--- Listed records Enclosed Below ---

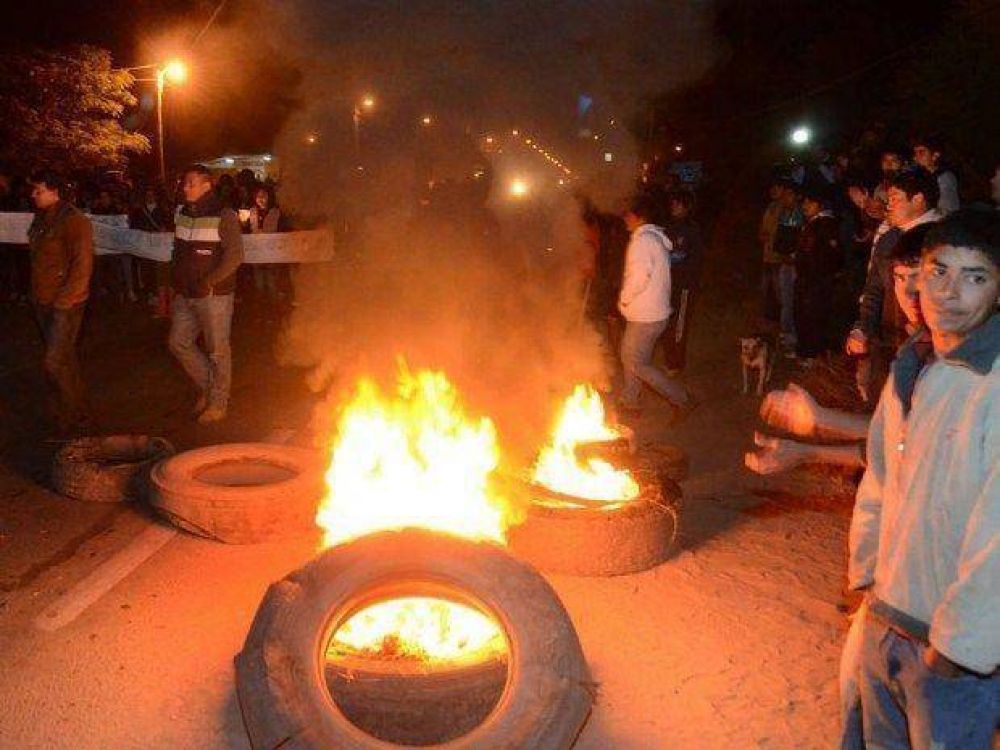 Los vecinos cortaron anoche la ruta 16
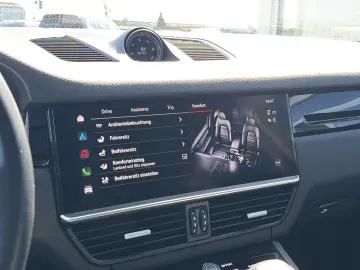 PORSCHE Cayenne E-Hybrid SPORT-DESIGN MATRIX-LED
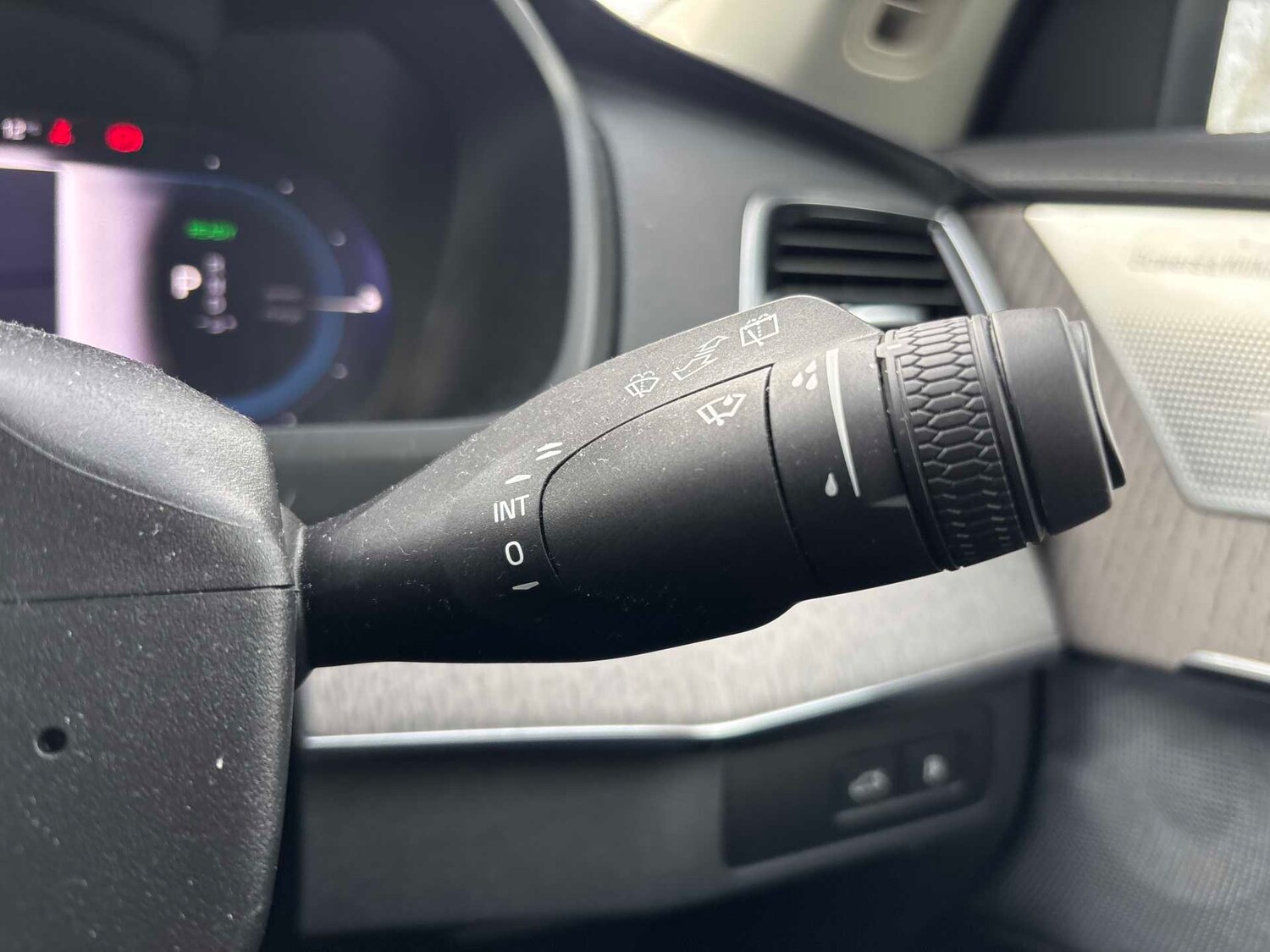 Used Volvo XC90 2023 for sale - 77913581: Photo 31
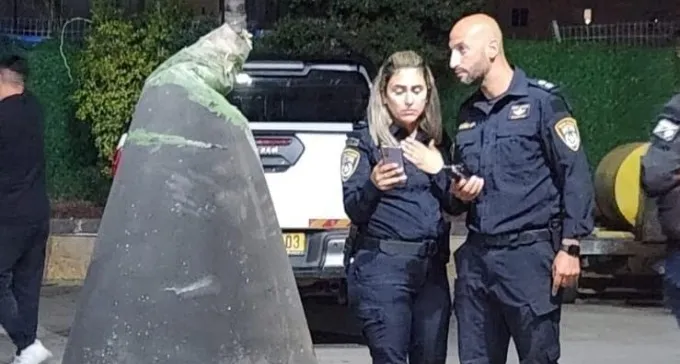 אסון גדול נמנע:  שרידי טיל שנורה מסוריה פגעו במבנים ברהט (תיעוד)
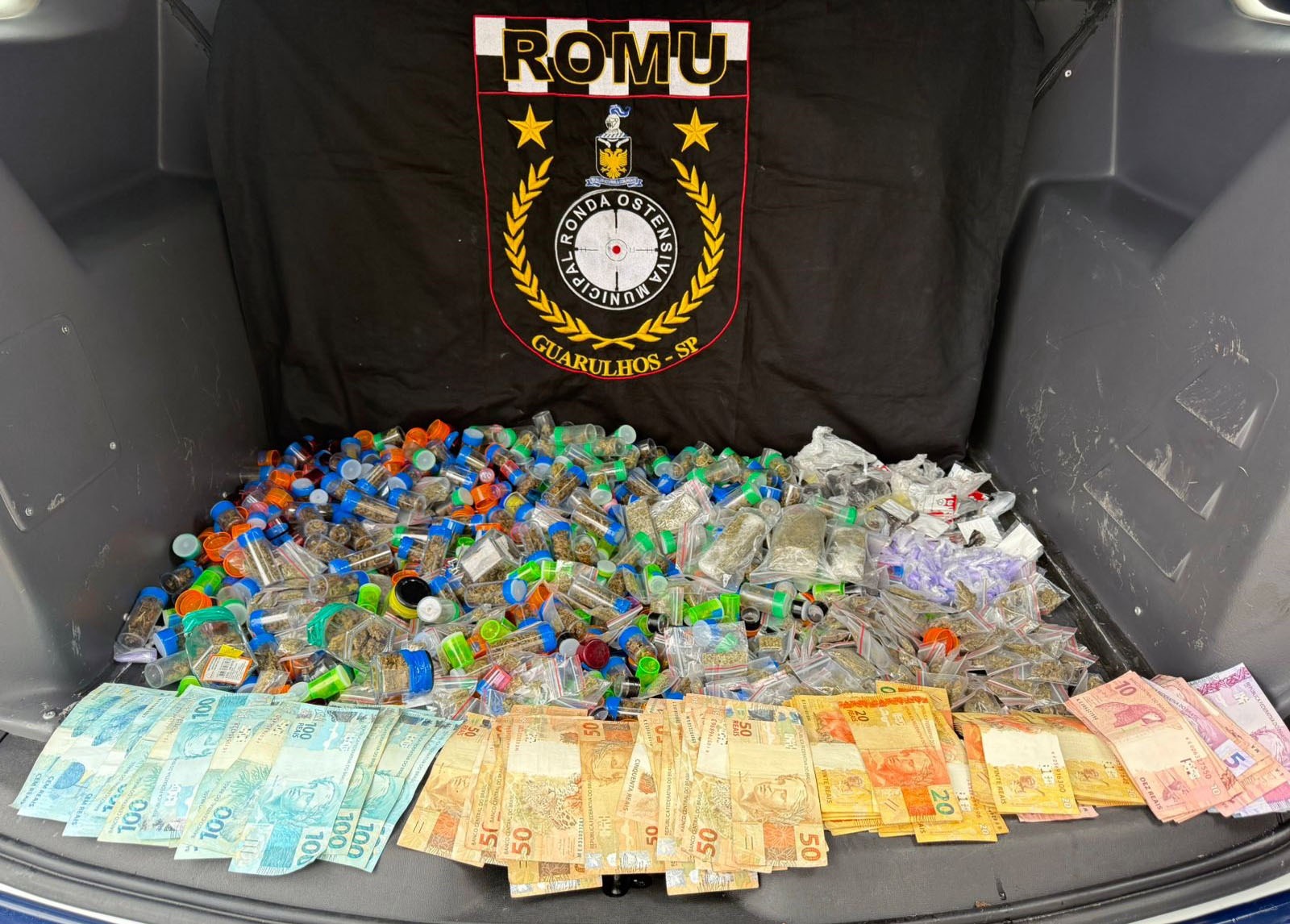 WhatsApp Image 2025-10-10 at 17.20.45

--- End of Enclosed Listed records ---
--- Listed records Enclosed Below ---

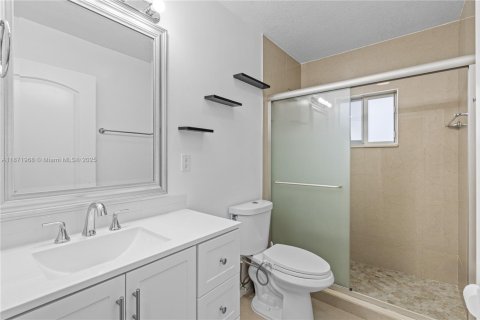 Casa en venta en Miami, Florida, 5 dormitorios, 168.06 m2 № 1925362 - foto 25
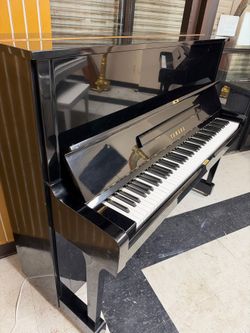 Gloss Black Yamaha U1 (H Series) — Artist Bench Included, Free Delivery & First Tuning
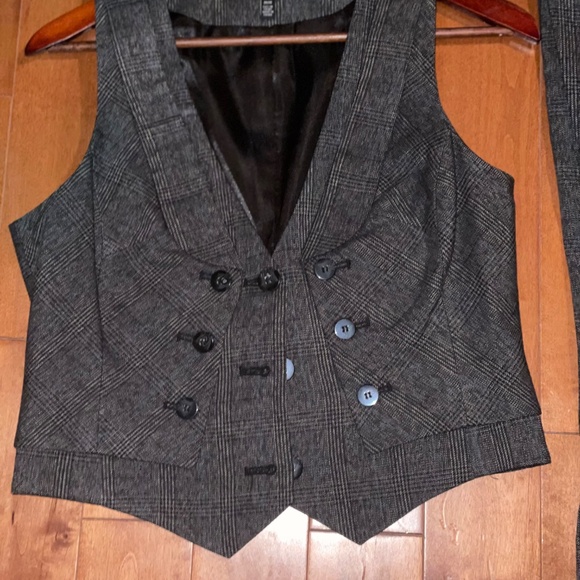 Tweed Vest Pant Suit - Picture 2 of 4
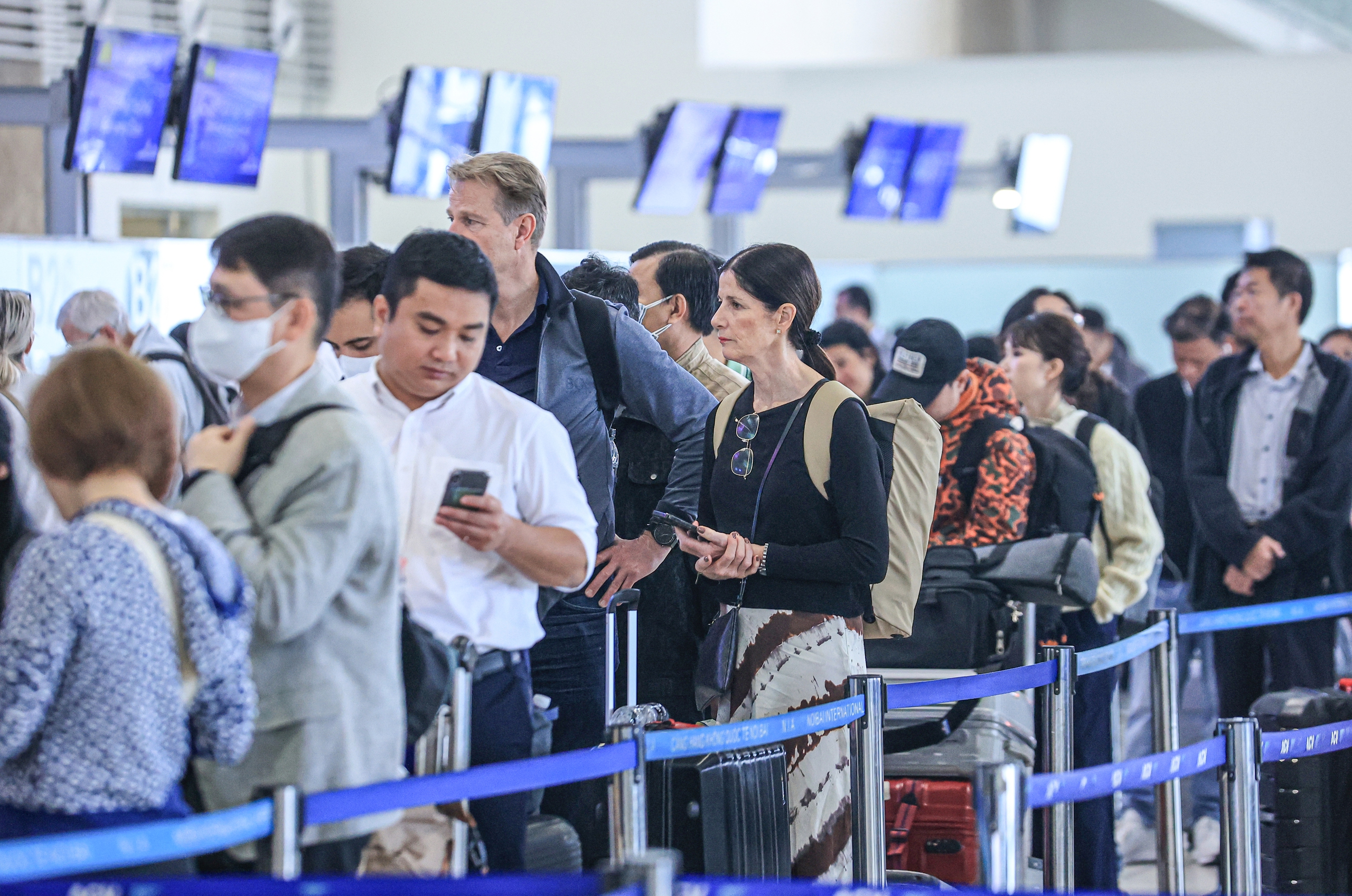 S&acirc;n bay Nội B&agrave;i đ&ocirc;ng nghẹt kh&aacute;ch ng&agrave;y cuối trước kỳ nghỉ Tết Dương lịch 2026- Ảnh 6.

--- End of Enclosed Listed records ---

▶ Exercise objective: Copy exactly the lines of the listing above between the one holding "Gloss Black Yamaha" and the one holding "S&acirc;n bay Nội", inclusive; omit all pictures.

▶ Solution below:
 Gloss Black Yamaha U1 (H Series) — Artist Bench Included, Free Delivery & First Tuning
 Tweed Vest Pant Suit - Picture 2 of 4
 S&acirc;n bay Nội B&agrave;i đ&ocirc;ng nghẹt kh&aacute;ch ng&agrave;y cuối trước kỳ nghỉ Tết Dương lịch 2026- Ảnh 6.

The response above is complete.